- Extracted material -
◇ ◇ ◇ ◇ ◇ ◇ ◇
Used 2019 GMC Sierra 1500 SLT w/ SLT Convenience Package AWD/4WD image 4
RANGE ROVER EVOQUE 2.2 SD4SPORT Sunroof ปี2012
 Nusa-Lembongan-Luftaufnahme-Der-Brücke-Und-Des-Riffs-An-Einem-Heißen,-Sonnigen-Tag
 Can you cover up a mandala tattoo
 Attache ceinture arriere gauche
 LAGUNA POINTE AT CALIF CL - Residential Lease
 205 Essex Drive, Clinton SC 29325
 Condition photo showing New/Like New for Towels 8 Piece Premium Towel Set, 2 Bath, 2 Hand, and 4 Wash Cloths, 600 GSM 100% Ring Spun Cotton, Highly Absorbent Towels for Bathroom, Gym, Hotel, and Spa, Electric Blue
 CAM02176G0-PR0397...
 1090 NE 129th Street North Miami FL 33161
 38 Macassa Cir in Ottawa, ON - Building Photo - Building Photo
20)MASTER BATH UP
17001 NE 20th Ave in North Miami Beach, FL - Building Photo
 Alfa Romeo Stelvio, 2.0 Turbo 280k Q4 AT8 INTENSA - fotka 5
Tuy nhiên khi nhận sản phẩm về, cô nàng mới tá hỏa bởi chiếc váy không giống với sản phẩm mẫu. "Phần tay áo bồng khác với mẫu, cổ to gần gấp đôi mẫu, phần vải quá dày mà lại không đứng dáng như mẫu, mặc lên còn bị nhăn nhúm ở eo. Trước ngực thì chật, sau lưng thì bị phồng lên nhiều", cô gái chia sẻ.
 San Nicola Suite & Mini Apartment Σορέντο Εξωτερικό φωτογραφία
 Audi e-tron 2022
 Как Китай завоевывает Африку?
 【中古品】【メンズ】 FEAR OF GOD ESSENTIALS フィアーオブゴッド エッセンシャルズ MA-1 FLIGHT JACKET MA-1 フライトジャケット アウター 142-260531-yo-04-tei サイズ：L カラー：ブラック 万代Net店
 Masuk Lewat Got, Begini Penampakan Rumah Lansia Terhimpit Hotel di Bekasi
◇ ◇ ◇ ◇ ◇ ◇ ◇
- Exercise prompt -
For the string "North", return every line of the data where it appears.

- Solution -
 1090 NE 129th Street North Miami FL 33161
17001 NE 20th Ave in North Miami Beach, FL - Building Photo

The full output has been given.